Recommender Systems

Can attention mechanisms reveal which user taste explains each recommendation?

Single-vector user models collapse diverse tastes into one representation, losing expressiveness. Can weighting multiple personas by item relevance surface the right taste at the right time while making recommendations traceable?

Note · 2026-05-03 · sourced from Recommenders Architectures
How do recommendation feeds shape what people see and believe? What breaks when specialized AI models reach real users?

Single-vector user representations treat tastes as monolithic. A user who likes both horror movies and comedies gets one latent vector encoding the union, and at recommendation time, the dominant taste tends to overtake the list. The conventional fix is to bolt a diversity-enhancing reranker on top — but that admits the underlying model can't represent the user's tastes correctly, only mask the symptom.

AMP-CF restructures the representation.

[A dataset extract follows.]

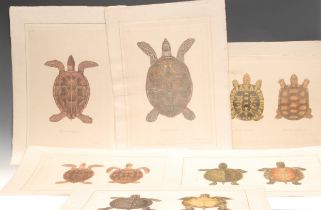 Interior Decoration, La Roche Laffitte, six Natural History studies of Tortoises (Testudines),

Each user has multiple latent personas, each capturing a different taste cluster. When scoring a candidate item, an attention mechanism weights the personas by their relevance to that item — a user's "horror persona" lights up for horror candidates and stays quiet for comedies. The user representation becomes candidate-conditional in a way single-vector models can't be: same user, different effective vector depending on what's being scored.

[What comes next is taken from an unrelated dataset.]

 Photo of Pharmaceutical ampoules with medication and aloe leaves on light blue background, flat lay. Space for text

This buys two distinct goods at once. Recommendations become diverse without a separate diversity step because the inactive personas surface their preferences when their kind of item shows up. Recommendations become explainable because each item can be attributed to the persona that gave it the highest weight — "we recommended this because of your horror taste, not your comedy taste." The Taste Distribution Distance metric the paper introduces measures whether the recommendation list proportionally matches the user's full range of interests, which diversity metrics don't capture.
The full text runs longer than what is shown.